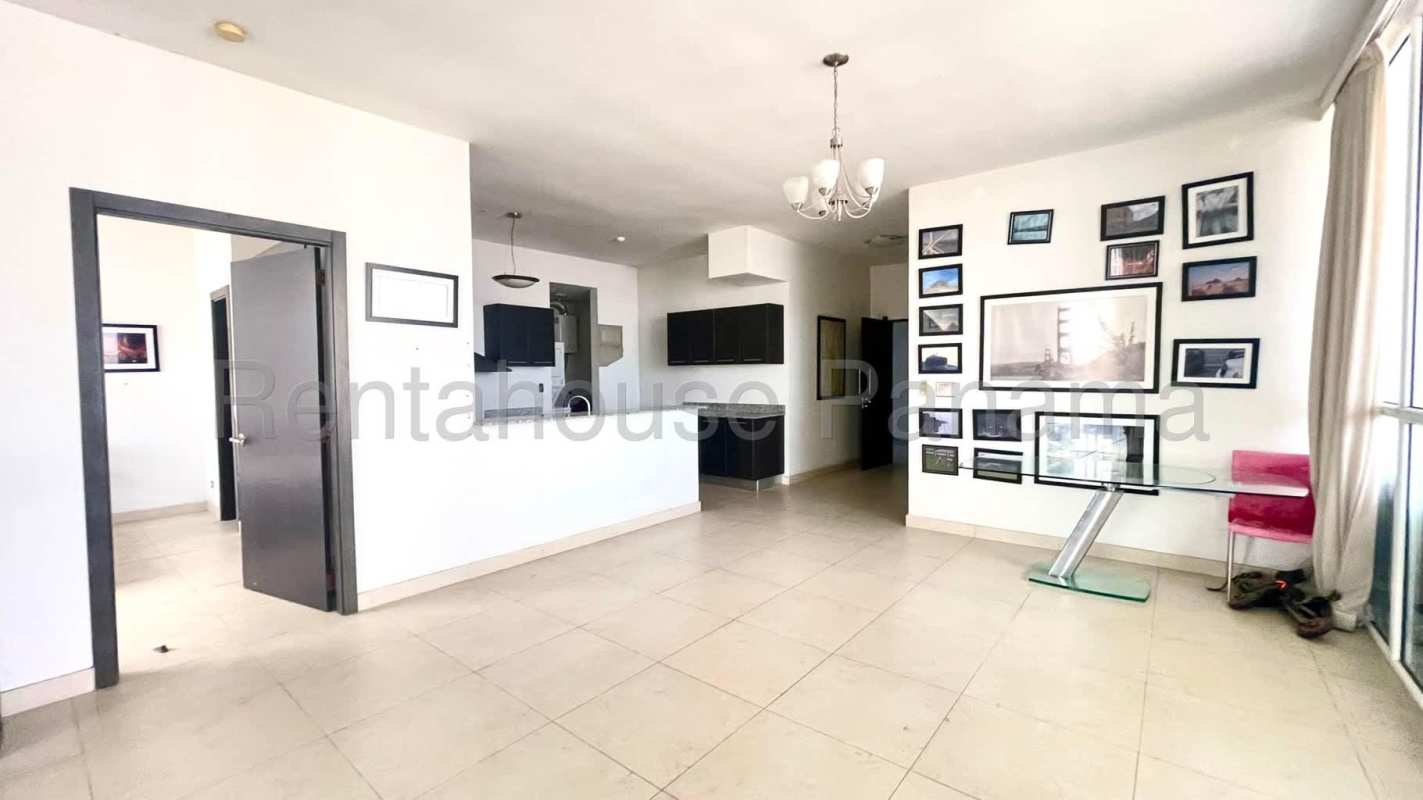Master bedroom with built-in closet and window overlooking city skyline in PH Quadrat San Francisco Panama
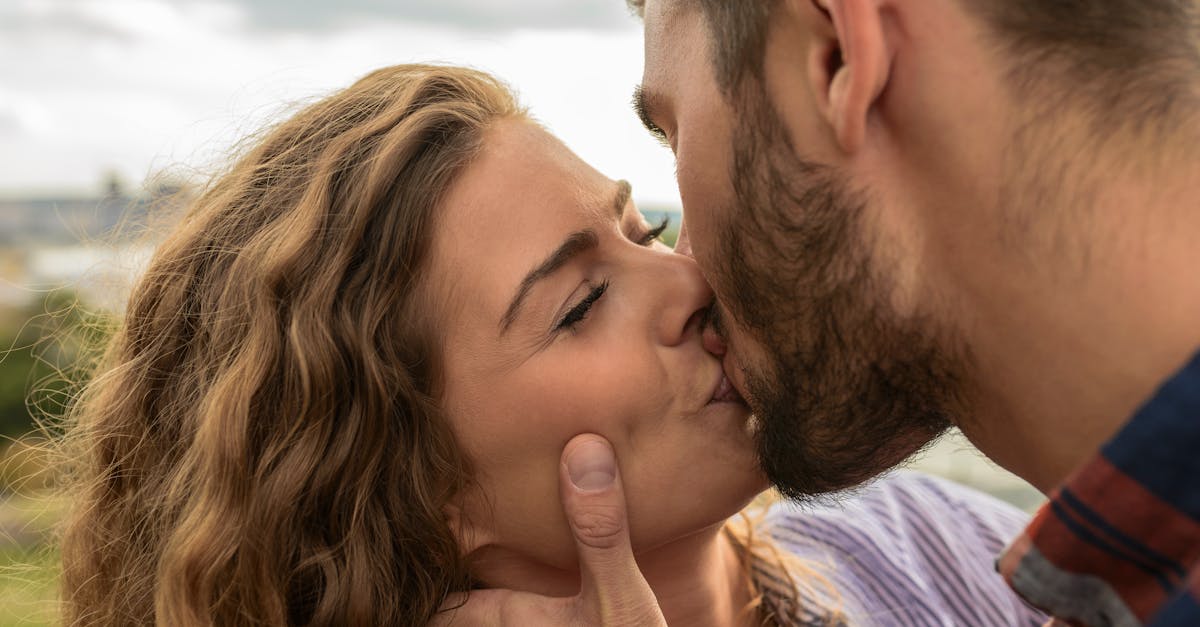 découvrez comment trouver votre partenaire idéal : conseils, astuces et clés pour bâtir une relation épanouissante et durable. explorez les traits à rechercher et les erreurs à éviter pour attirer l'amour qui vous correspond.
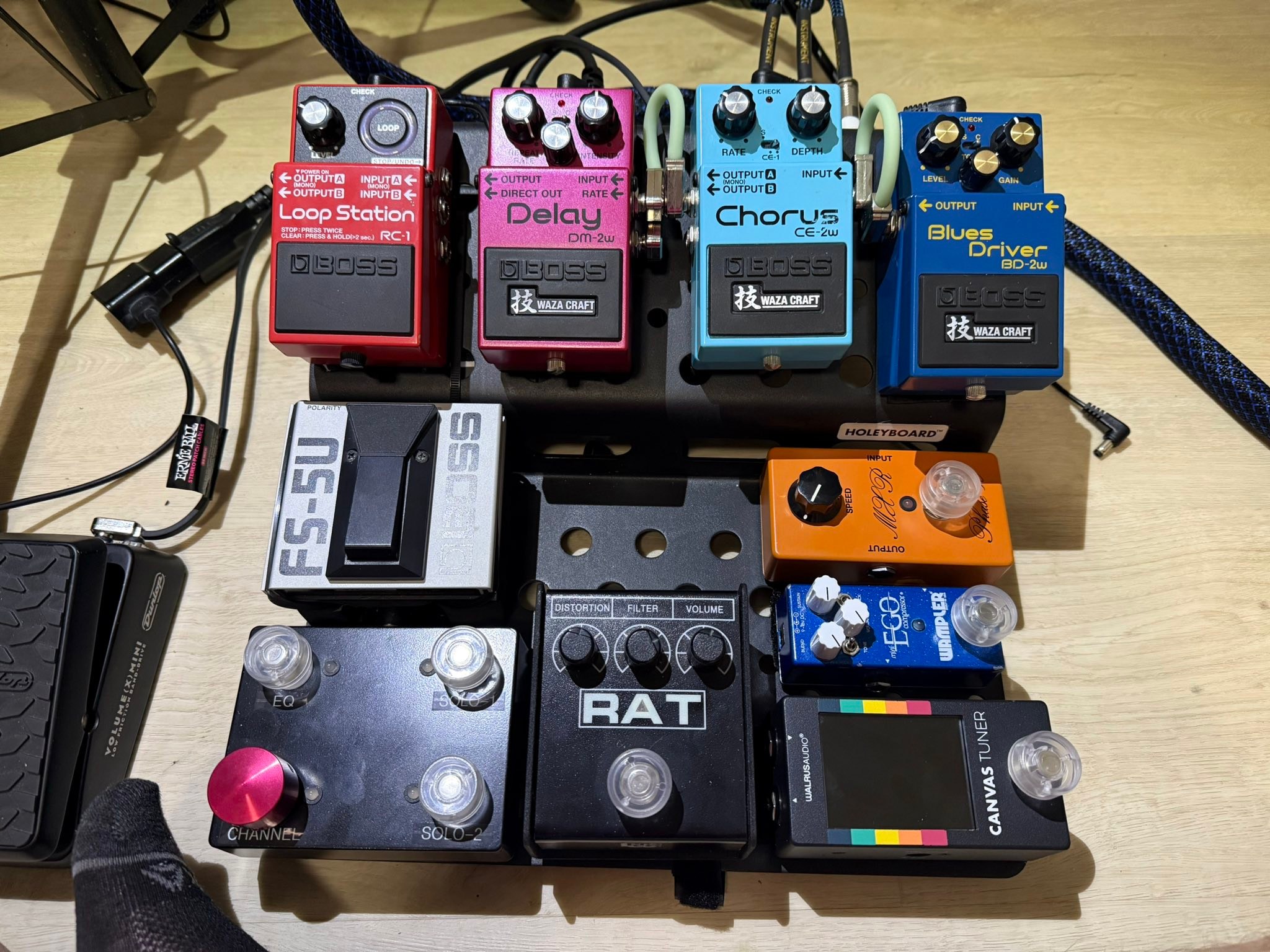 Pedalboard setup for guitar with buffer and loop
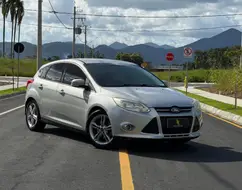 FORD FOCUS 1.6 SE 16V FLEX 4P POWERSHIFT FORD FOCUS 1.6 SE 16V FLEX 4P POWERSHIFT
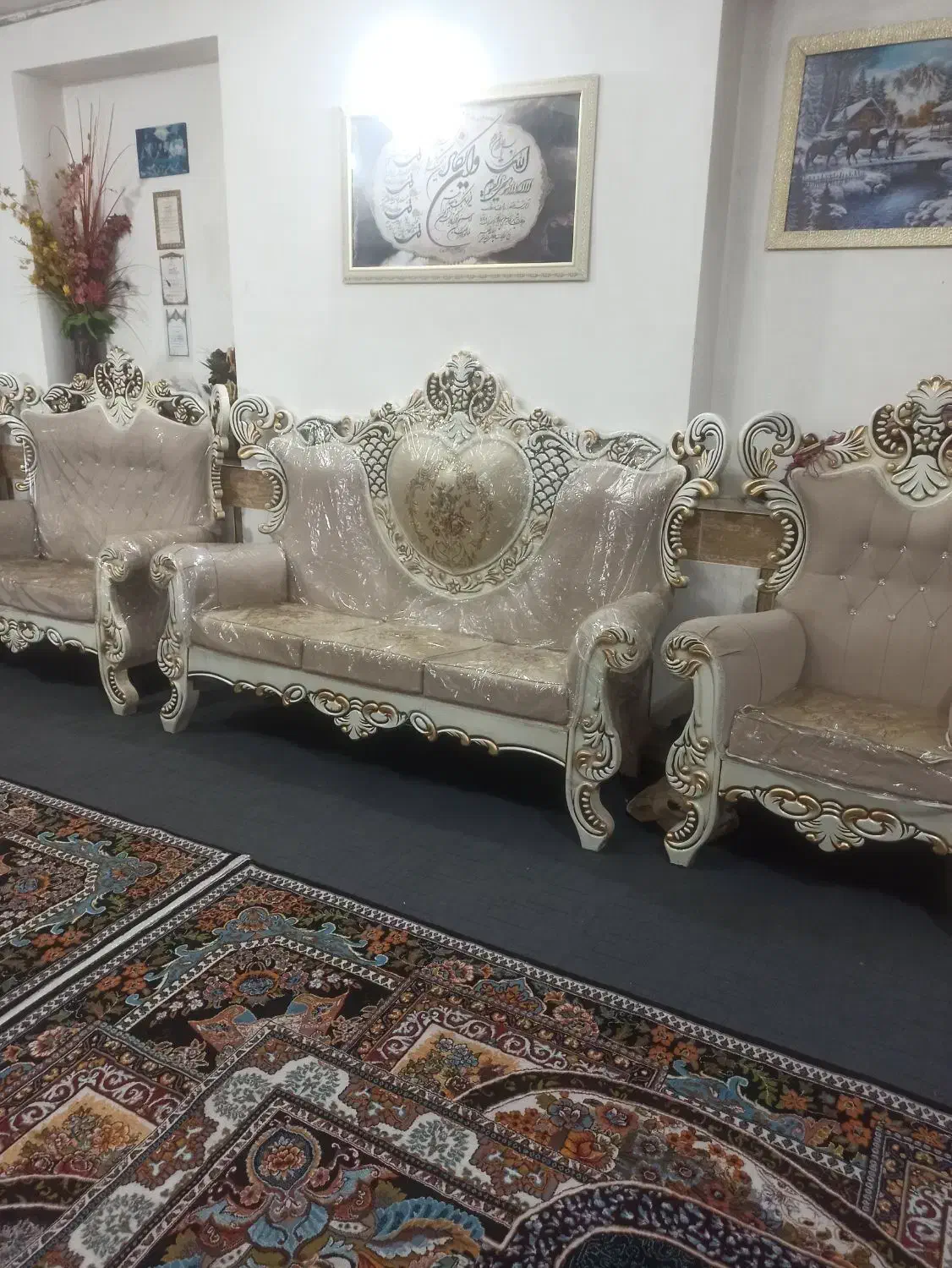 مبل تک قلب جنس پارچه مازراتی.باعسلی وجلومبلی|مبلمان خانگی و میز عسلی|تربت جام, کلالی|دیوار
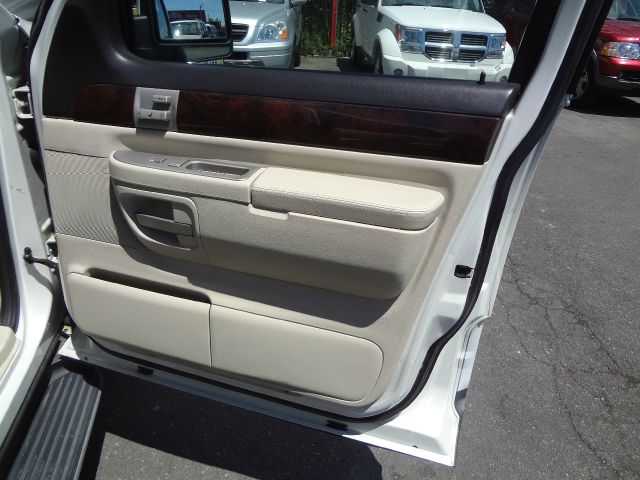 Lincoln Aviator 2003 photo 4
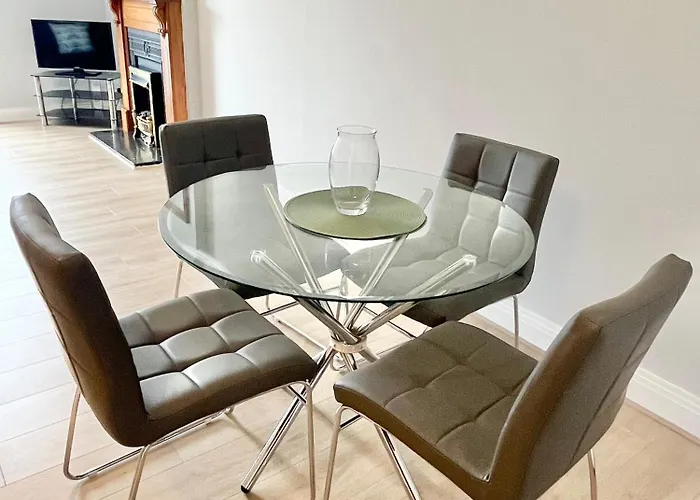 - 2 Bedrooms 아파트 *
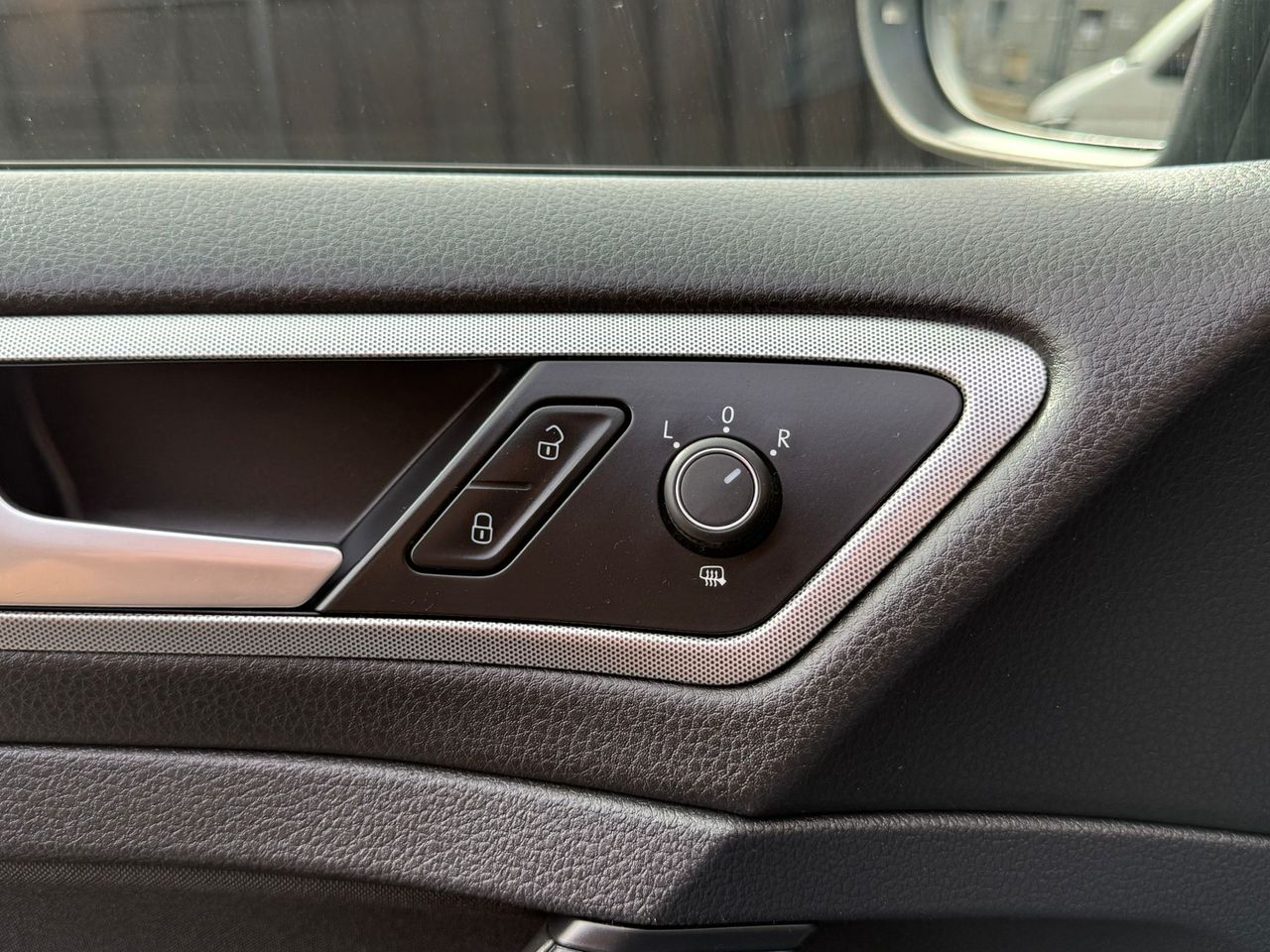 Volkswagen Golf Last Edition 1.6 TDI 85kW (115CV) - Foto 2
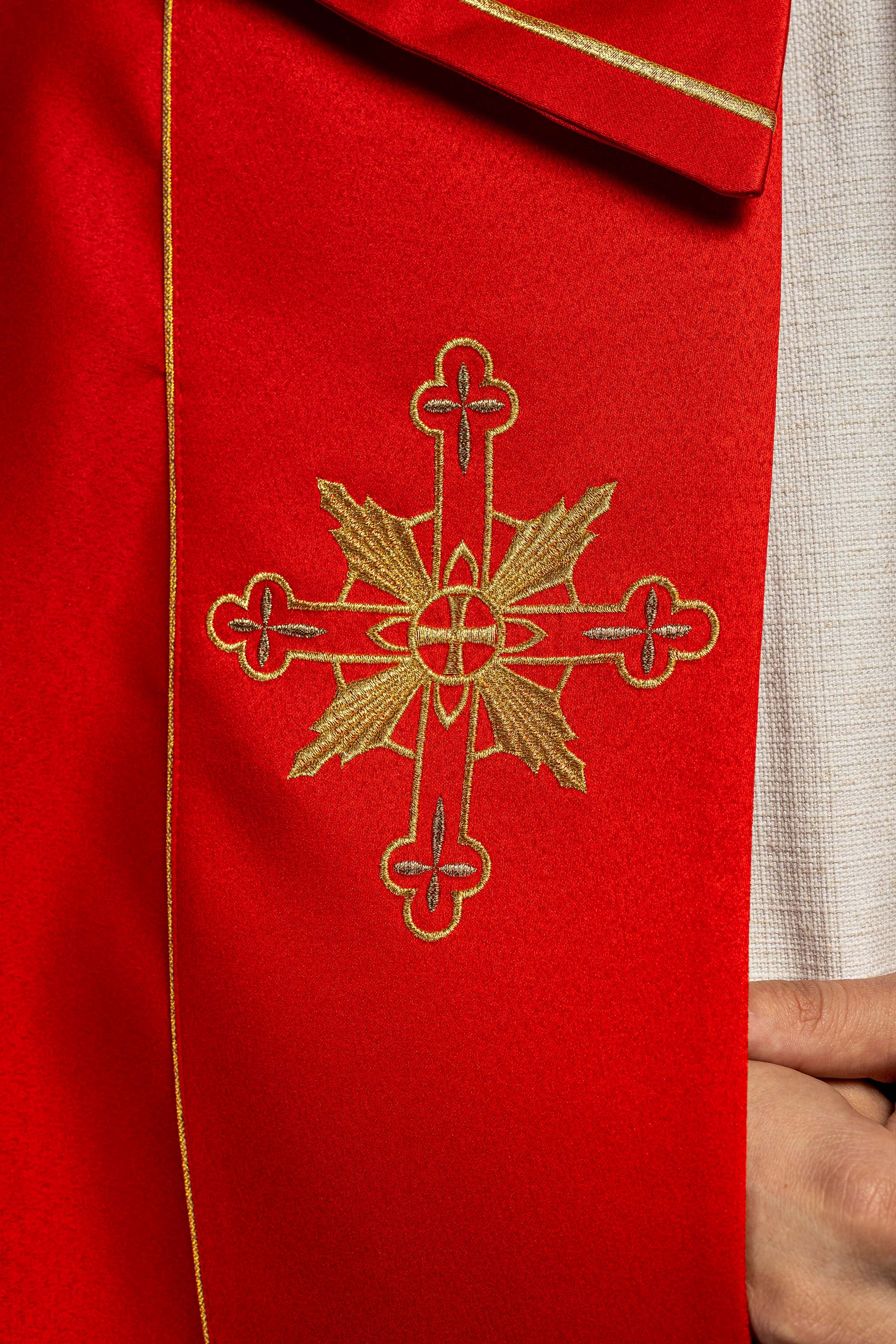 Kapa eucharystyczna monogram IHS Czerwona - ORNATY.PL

- - - - - - -

Everything from the first line of the records through the line containing "FORD FOCUS 1.6 SE 16V FLEX 4P POWERSHIFT FORD" should be reproduced exactly, apart from the pictures.

RESPONSE —
Master bedroom with built-in closet and window overlooking city skyline in PH Quadrat San Francisco Panama
 découvrez comment trouver votre partenaire idéal : conseils, astuces et clés pour bâtir une relation épanouissante et durable. explorez les traits à rechercher et les erreurs à éviter pour attirer l'amour qui vous correspond.
 Pedalboard setup for guitar with buffer and loop
 FORD FOCUS 1.6 SE 16V FLEX 4P POWERSHIFT FORD FOCUS 1.6 SE 16V FLEX 4P POWERSHIFT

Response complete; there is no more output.